Several countries across Africa, Asia, Latin America, and even some European states have recognized Palestine. Their recognition is not mere symbolism but a political statement: that justice, not alliance, should guide foreign policy. These states provide Palestine with diplomatic backing, humanitarian support, and moral cover.

The African Union, the Organization of Islamic Cooperation, the Non-Aligned Movement, and others often issue resolutions condemning Israeli aggression and calling for Palestinian rights. Civil society, NGOs, churches, student unions, human rights groups mobilize protests, education campaigns, boycott movements (BDS), and international pressure.

It is not enough to simply speak; Nigeria and other sympathizing nations must convert their words into concerted diplomatic campaigns, coordination of recognition efforts, funding of Palestinian state-building, and capacity support. They should be fully prepared for Israeli and U.S. backlash;  Recognition of Palestinians state will provoke diplomatic, political, and economic pushback. States must be ready for reprisals or pressure.

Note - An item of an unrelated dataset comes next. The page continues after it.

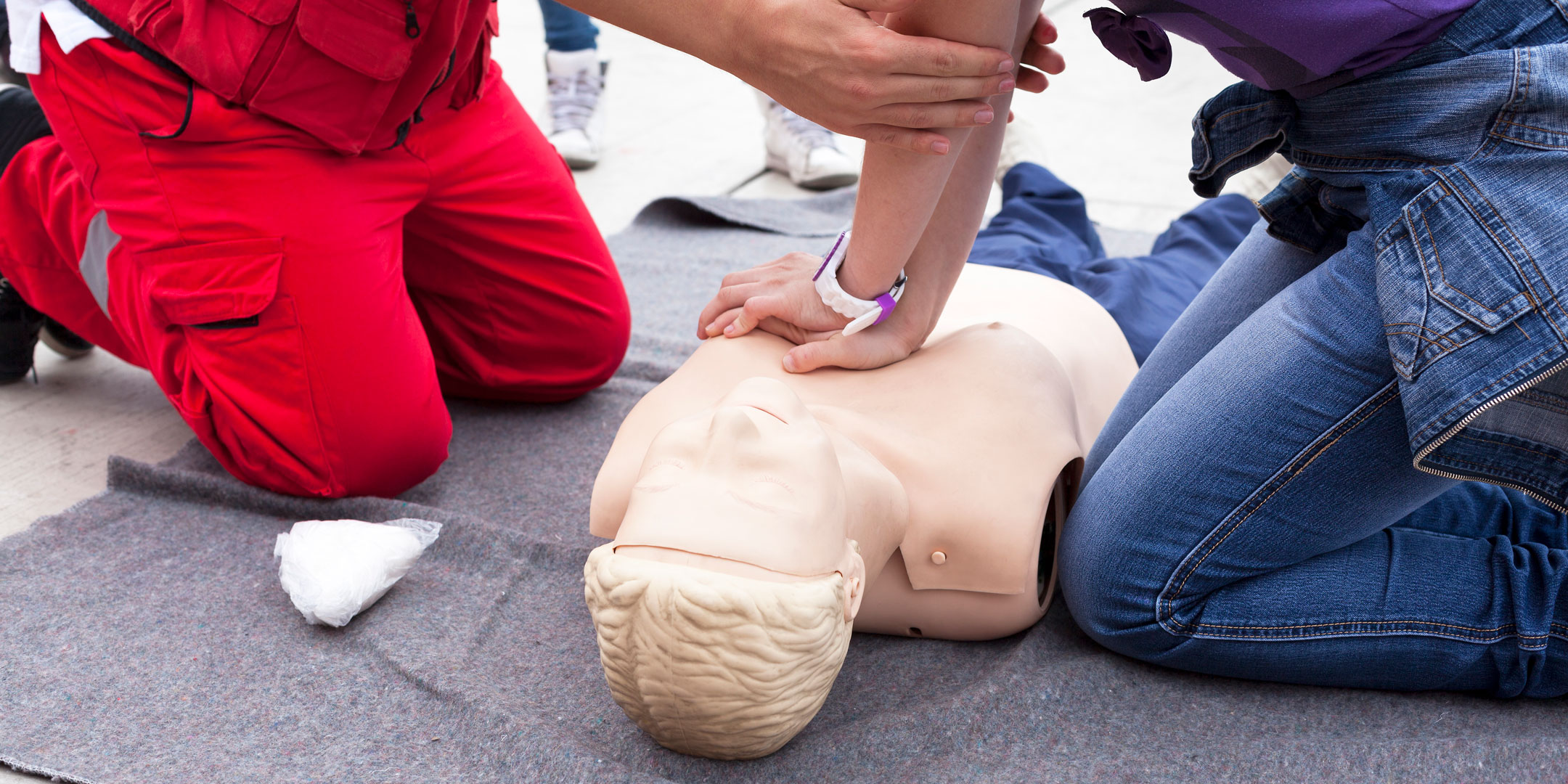 Close-up of CPR instructor helping a student perform CPR on a manikin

Without shrinking they must preach strongly against division among Palestinian leadership and probable betrayals.  The goal must include the Implementation of a just border regime, settlement reversal, refugee right-of-return, security arrangements, transitional justice, all complexities must be addressed. And all thes  nations must know that recognition is strongest when paired with treaties, accession to international institutions, and enforcement mechanisms.

It will represent a new chapter of justice. The world must choose: does it continue to side with power or with principle? Condemnation of Israeli aggression, U.S. shielding, and infiltration masquerades must be matched by action, recognition, accountability, solidarity. Palestine is not a bargaining chip or spoiler; it is a victim of imposed injustice. Recognition is not a reward to Hamas or extremists, it is a restoration of rights to a people systematically denied them.

Let this generation be the one to grant Palestine full statehood not out of charity, but out of justice. Let recognition break the chains of impunity, dismantle the masquerades, and build a future where Israelis and Palestinians live in security, dignity, and equality.